SSAO in CUDA & Depth Buffer Access

I’m writting my custom version of AO in CUDA.

The kernel is working nicely, and i’m working in some optimizations.

The problem is that i dunno how to capture the Depth Buffer from the Direct3D application in which i’m integrating all this stuff.

It’s a Direct3D 8 program, and i dunno how to copy the Depth Buffer from the application to the system memory.

Is there a function in the nVidia driver to copy the depth buffer to the system memory ? I heard that there was one in
another board, but the user who posted it does not remember.

Thank you very much !

CUDA only supports inter-op with OpenGL. Direct3D 9, and Direct3D 10.

For D3D 9 you’re interested in cu(da)D3D9RegisterResource & cu(da)D3D9MapResource.


I found a ‘partial’ solution:

IDirect3DTexture8 *depthStencil_Texture;
m_pIDirect3DDevice8->CreateTexture(width, height, 1, D3DUSAGE_DEPTHSTENCIL, ((D3DFORMAT) MAKEFOURCC(‘I’,‘N’,‘T’,‘Z’)), D3DPOOL_DEFAULT, &depthStencil_Texture);

IDirect3DSurface8 *depthStencil_Surface;
depthStencil_Texture->GetSurfaceLevel(0, &depthStencil_Surface);

m_pIDirect3DDevice8->SetRenderTarget(renderTarget, depthStencil);

// Do the normal render of the game …

At the end of the rendering (when the game calls to the ::Present() method), i do this:

m_pIDirect3DDevice8->SetTexture(0, depthStencil_Texture);

& i set a D3DFMT_A8R8G8B8 new render target, and a pixel shader that does a ‘texld r0, t0’.

At the end i have a render target with the INTZ values, and i can post process it later with my CUDA kernel.

But, there is a huge problem → MultiSampling does NOT work ! :sad:

I need to turn off MultiSampling to bind the ‘depthStencil_Surface’ with my ‘renderTarget’ :sad:

So, atm, this works, but, it’s useless for my project, because i lose the FSAA.

Also, i still dunno how to convert the INTZ values, but, at least i can read them.

Any tip ?

The only tip I can really give you is to not use CUDA for post processing DirectX 8 apps…

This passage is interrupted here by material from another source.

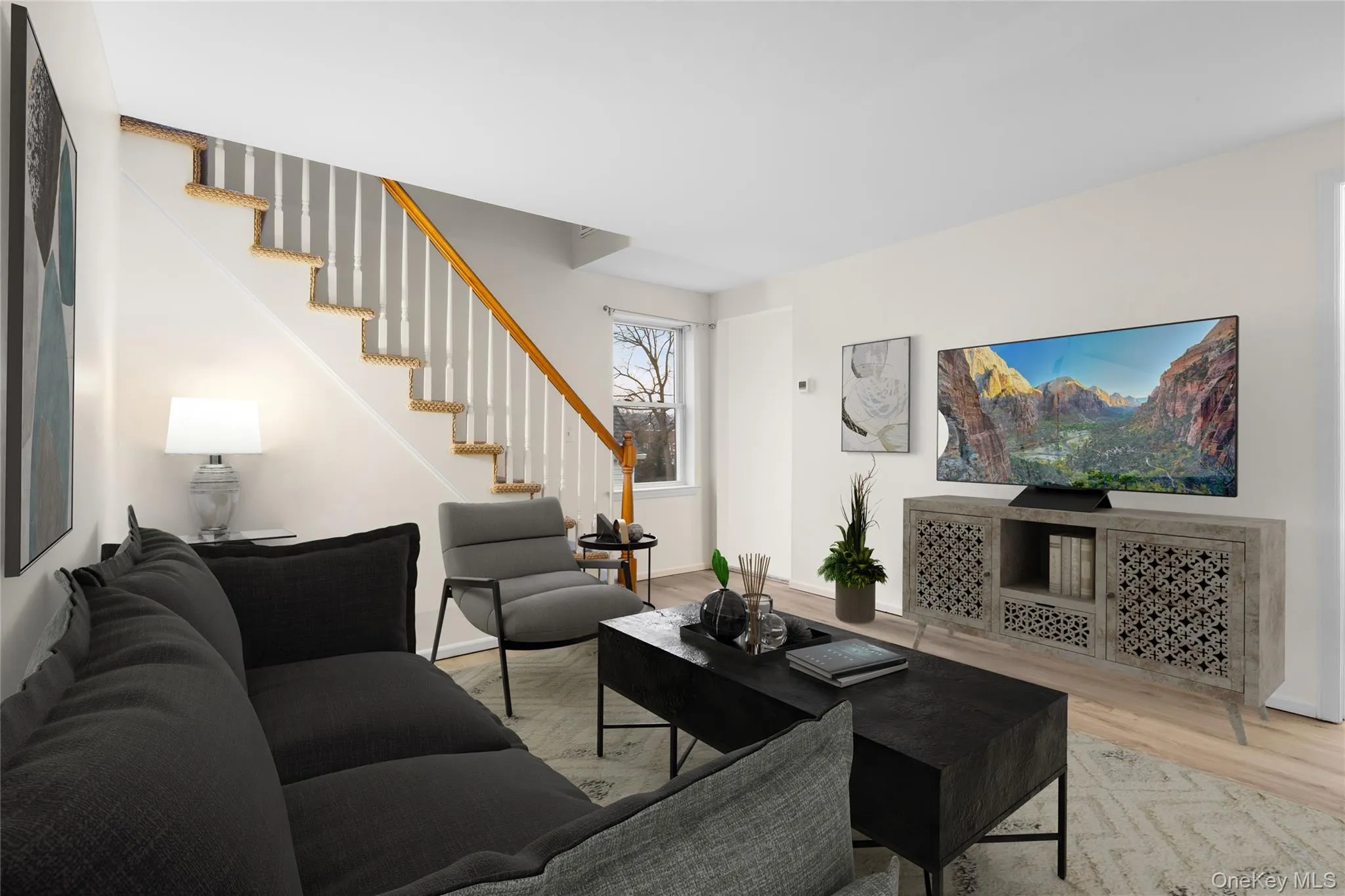 Living room with wood finished floors and stairway/digitally staged Living room with wood finished floors and stairway/digitally staged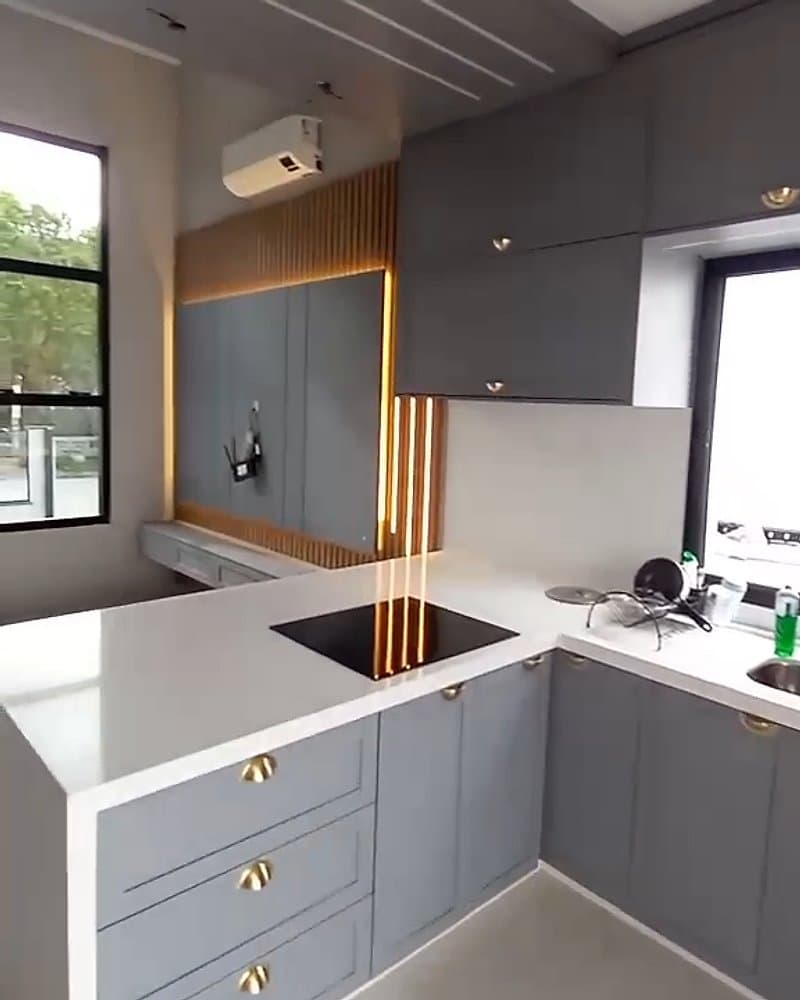 Cozinha cinza com bancada clara e puxadores dourados, no mesmo ambiente do painel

a) You’re limiting yourself to nVidia GPUs (8000 and above only, as well)
B) there’s no direct interop between D3D8 and CUDA, so you’re going to have to manually copy from host<->device, or hope tha D3D8 textures stay compatible with D3D9 textures (as you’re doing now).
c) Cg and/or HLSL will make things a ton easier for you, taking care of memory access patterns, etc…

I have a CPU path too, but you are right. It’s only going to run decently on the nVidia cards.

About the interop, i’m using copies between the device & host. This is not optimal, but it works. You can check a working sample here:…st&p=516242

I can’t sacrifice the AA. It costed me a lot of work.

I’m thinking about writting a wrapper from DX8 to DX10. I dunno if this is possible, but, prolly this is my best option.